THE URBAN MAN FOR KCRW, AUGUST 24, 2009

 

All The Way Back to Nature

 

By Marc Porter Zasada

Sigmund Freud wrote a famous book called “Civilization and Its discontents” in which he said people could never be happy: not with civilization and not without it.  Sure enough, most folks will tell you they’re pretty discontent with civilization. They claim they’ve had it with restless freeways and tall glass buildings.

Still, most only try to escape in the summertime. This week, I’ve gone to the High Sierra. Really: backpacking and everything. Tall pines. Clear lakes. Nights under the stars. You wouldn’t recognize the sunbleached look in my eye, or the booted amble of my gait. Dust has gathered beneath my fingernails, and sweat stains the brim of the Urban Man’s hat.

When you backpack, you’re supposed to achieve minimum necessity: water from clean streams, trail mix from Trader Joe’s. And it’s true that when I crouch in the dirt, balancing a battered aluminum pot over a tiny stove, that first bite of freeze-dried Pad Thai is a near-religious experience.

One night, staring into the fire, we wondered how little civilization a person could get away with if, you know, he really tried. A friend said he’d read a book about a guy who went into the woods completely naked except for two handkerchiefs and a knife. “Of course,” snorted my friend, “if the guy had really wanted to go natural, he’d have made do with only one handkerchief.”

Me, I’m carrying a 40 pound pack. An $80 filtration pump. Hi-tech boots. Two BPA-free Nalgene Bottles. A sleeping bag rated at 15 degrees. Not to mention SPF-50 sunscreen, polarizing sunglasses, an LED headlamp, fleece underlayer, nylon shell, orange poncho, many packets of emergency antibiotics, and of course a wicked cool folding knife that doubles as a saw.

In short, though I have escaped civilization, much of it has escaped with me.

This is my own fault, of course. Before the trip, I hiked through a cathedral-like backpacking store on the west side of L.A., where I moved with reverence among the shiny primitivist gear laid out on rough pine shelving: things foldable, nestable, and telescoping—inventions clever within an inch of all our lives. The clerks, lean and cheerful, sized me up as worthy or unworthy of their small titanium cookpots. “I will help you escape civilization,” said that look, “for a price.” 

Which explains why, despite sweating over 10,000-ft passes, I have been haunted by the fear that I’m faking it. For example, the trails are well-marked and I carry a valid “Wilderness Pass.” I wonder, “Is it really the wilderness if you have a pass?”

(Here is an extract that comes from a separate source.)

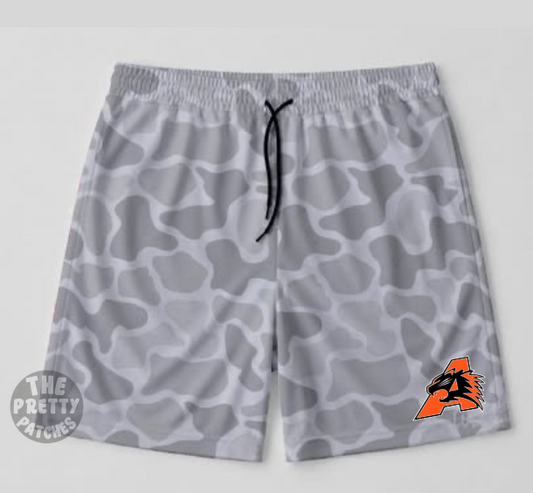 WHITE/GREY GHOST CAMO SHORTS (ALEDO BEARCATS)- ADULT- PREORDER 073126BR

Even the peacefulness of nature seems elusive. I notice we modern backpackers tend to be a restless lot who make a game of covering a lot of ground fast. You rarely find us, say, lounging by beautiful meadows. Always, it’s time to pack up those lightweight tents and press on. I imagine the aerial, Google Earth view, the Marauder’s Map of the whole High Sierra packed with backpackers moving ceaselessly along its trails, eager for the next ridge, the big fallen log, the more perfect lake.

It’s not quite life on the freeway. But still. Well...

On the last night, I insist we camp early enough to spend some serious time communing with a lake located at 9000 feet. And later, when my watch shows 2 a.m., I crawl out of the warm cocoon of my high-tech bag, quietly unzip the double door of our windproof ripstop nylon shelter, and walk out to see the lake all alight beneath a nearly full moon. It’s about 36 degrees out, but I recall the guy who went out only with the handkerchiefs and the knife, and thinking to do him one better, I strip off all my clothes and stand naked to take a moonbath beside the silver waters. Just for three minutes. Okay two. Still, for that short time I do not shiver, and I am not an urban man.